Kirby Lee-USA TODAY Sports
Attending my first media day, I got to watch another reporter trip on acid.
NEW ORLEANS -- Attending my first Super Bowl media day I did not anticipate that I'd be watching a reporter trip his face off, but that's what happened on Tuesday when I went to the Super Dome to cover the annual spectacle.
Even though I've been in this business for 12 years, I never covered a Super Bowl before. I was there to shoot a feature that will be running later this week, but I had heard through some back channels that there would be a reporter there for VICE Magazine, attending the media day while tripping on acid.
The reporter, however, is using a pseudonym, Hank A. Knightly, for fear of being boycotted by the NFL in the future. But he agreed to let me write about watching him trip on acid. I mean, WHAT COULD POSSIBLY HAPPEN? I knew I wanted to see.
"I don't know what will happen," he said. "I could wind up making snow angels in the middle of the field."
Hank told me he had five tabs of acid and was going to drop all of them, but not until he was in the building and had everything settled. He didn't want to go to through security or run into any issues while tripping. Smart strategy. We were texting throughout the morning, and the first time I saw him, he was smiling wide, laughing a bit, saying it just was starting to kick in.
"I'm so glad I didn't do this before," going through security, he told me.
Had I not known he had just ingested a sheet of acid, I wouldn't have been able to tell. But I knew I was the only one in this space of thousands of people who knew he had LSD coursing through his veins. Hank also encouraged me to stick around as long as I could because when the Ravens would be coming in later in the day, that's when the acid should really be hitting its peak.
Hank and I sporadically texted all morning and before I left, I saw him one more time. He was still smiling, saying that everything seemed louder than it had before. He wasn't sure what he was going to do, but he was happy because he had gotten into an intense conversation with a former player that seemed enlightening.
Or maybe not. Who the hell knows, he was tripping on acid. The rest of the media day experience really doesn't matter, since it was all experienced through the prism of wondering if Hank was going to start making snow angels, or worse. Yes there were endless waves of media, people dressed like morons, and tons of players, executives and coaches. I got my feature work done, and soon left.

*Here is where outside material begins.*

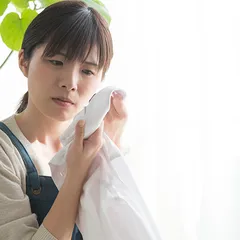 MÙI CƠ THỂ, ĐẶC BIỆT LÀ MÙI GIỐNG NHƯ MỒ HÔI, LÀ VẤN ĐỀ MÀ CẢ NAM VÀ NỮ ĐỀU PHẢI ĐỐI MẶT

Hank and I texted all throughout the rest of the day. At one point I asked him where he was going after leaving the Super Dome.
"Hopping on my bike and then down to the French Quarter," he wrote. "What is one supposed to do after tripping balls at super media day?"
"No idea!" is what I texted back.
Hank made it through the day, and on Wednesday he was writing his piece, due out sometime later in the day. Media day from this point forward will never be as entertaining.